About this exercise: Lines before the one containing "Этиопатогенетическая классификация ожирения" are not wanted; restate the rest below word for word, through the last line, but drop any pictures.
*** Opening Source material ***
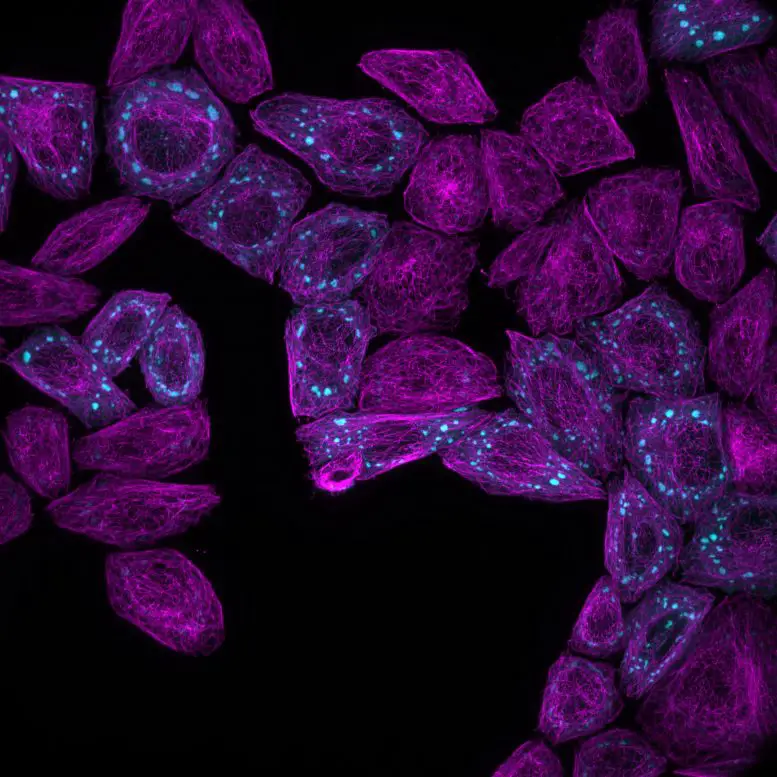 Fluorescence Microscopy Protein Condensates Forming Inside Living Cells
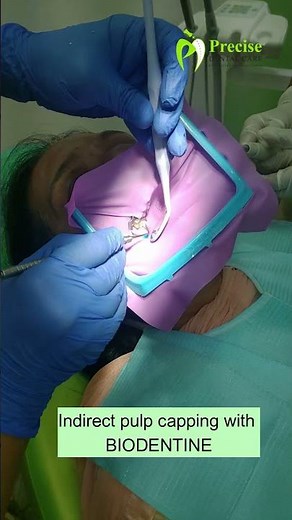 Indirect Pulp Capping #dentistry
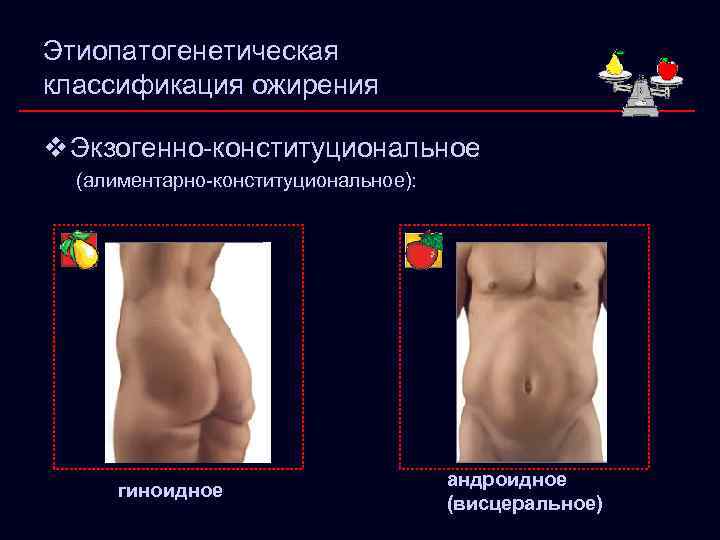 Этиопатогенетическая классификация ожирения v Экзогенно-конституциональное (алиментарно-конституциональное): гиноидное андроидное (висцеральное) 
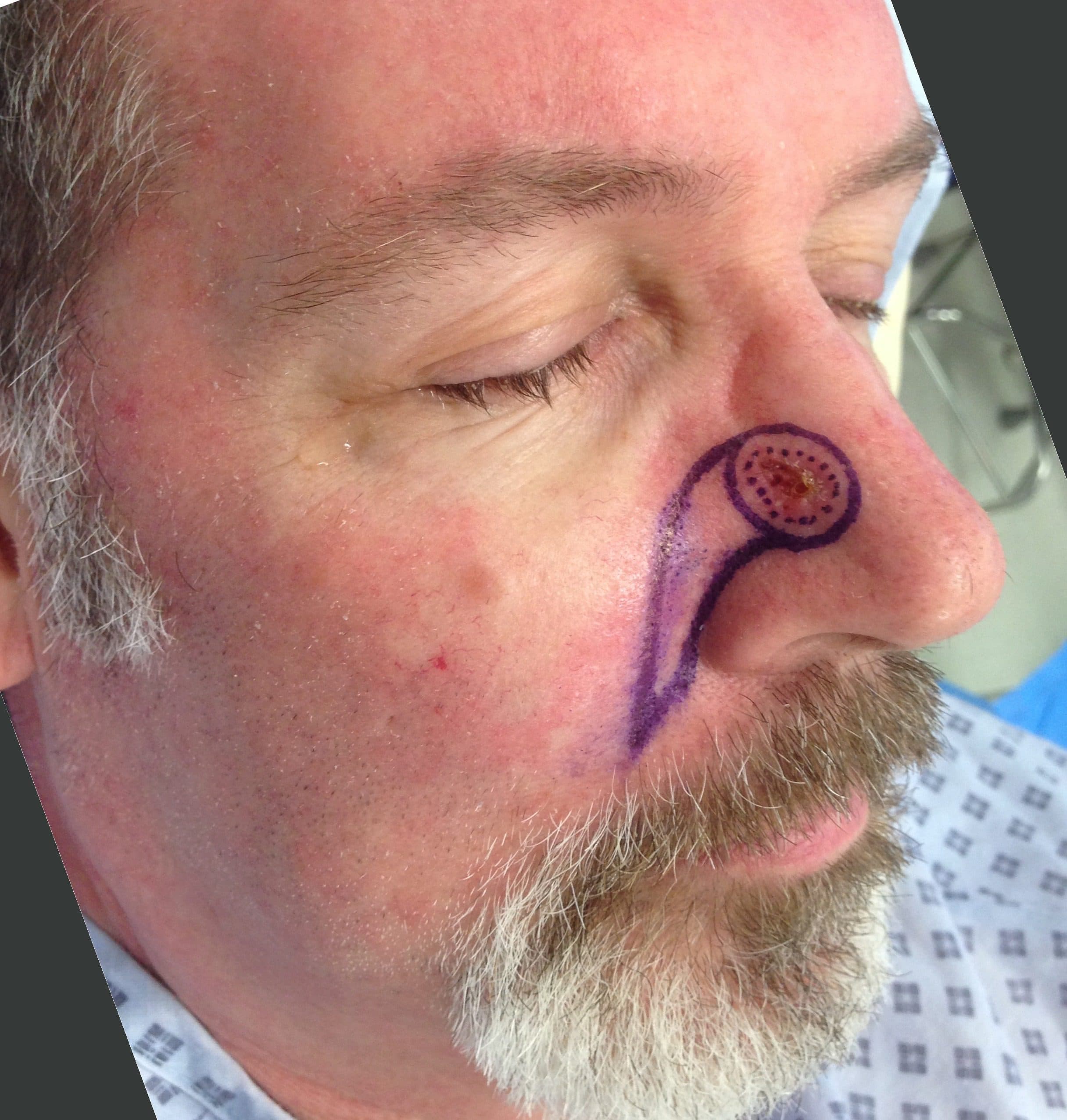Skin Cancer Surgery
*** Closing Source material ***
Final answer:
 Этиопатогенетическая классификация ожирения v Экзогенно-конституциональное (алиментарно-конституциональное): гиноидное андроидное (висцеральное) 
Skin Cancer Surgery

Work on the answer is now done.